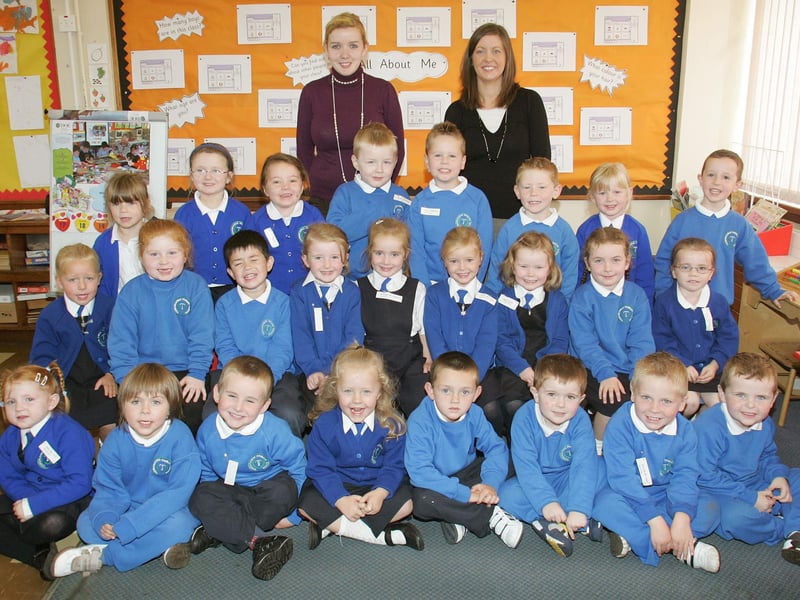 Smiling primary one's at Termoncanice Primary School with classroom assistant Oonagh Hartin and teacher Caroline O'Kane. LV39-704MML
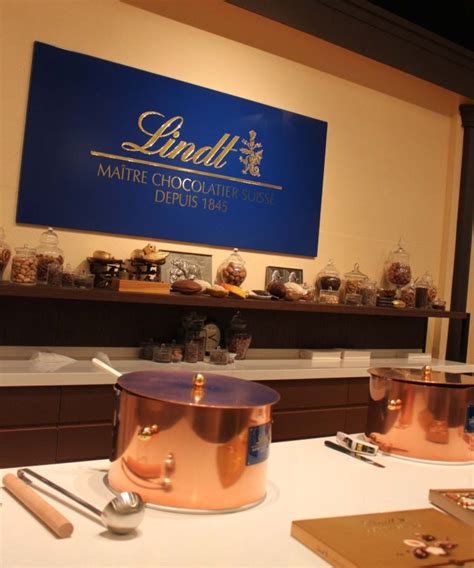 A Visit to the Lindt Chocolate Factory | Sandra‘s Closet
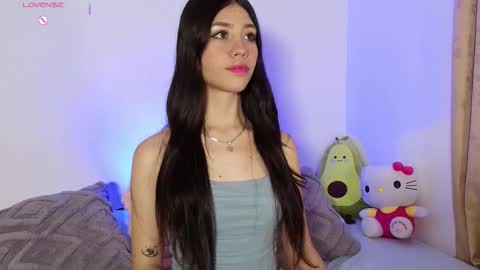 Snapshot of cheryelfox chatting on November 6, 2025, 11:59 pm cheryelfox online show from November 6, 2025, 11:59 pm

===

> [DIRECTIONS FOR THIS TASK] Your output should be only the lines from the line with "A Visit to the" through the end of the data, exactly as they stand, and no pictures.

> [RESULT OF THE TASK]
 A Visit to the Lindt Chocolate Factory | Sandra‘s Closet
 Snapshot of cheryelfox chatting on November 6, 2025, 11:59 pm cheryelfox online show from November 6, 2025, 11:59 pm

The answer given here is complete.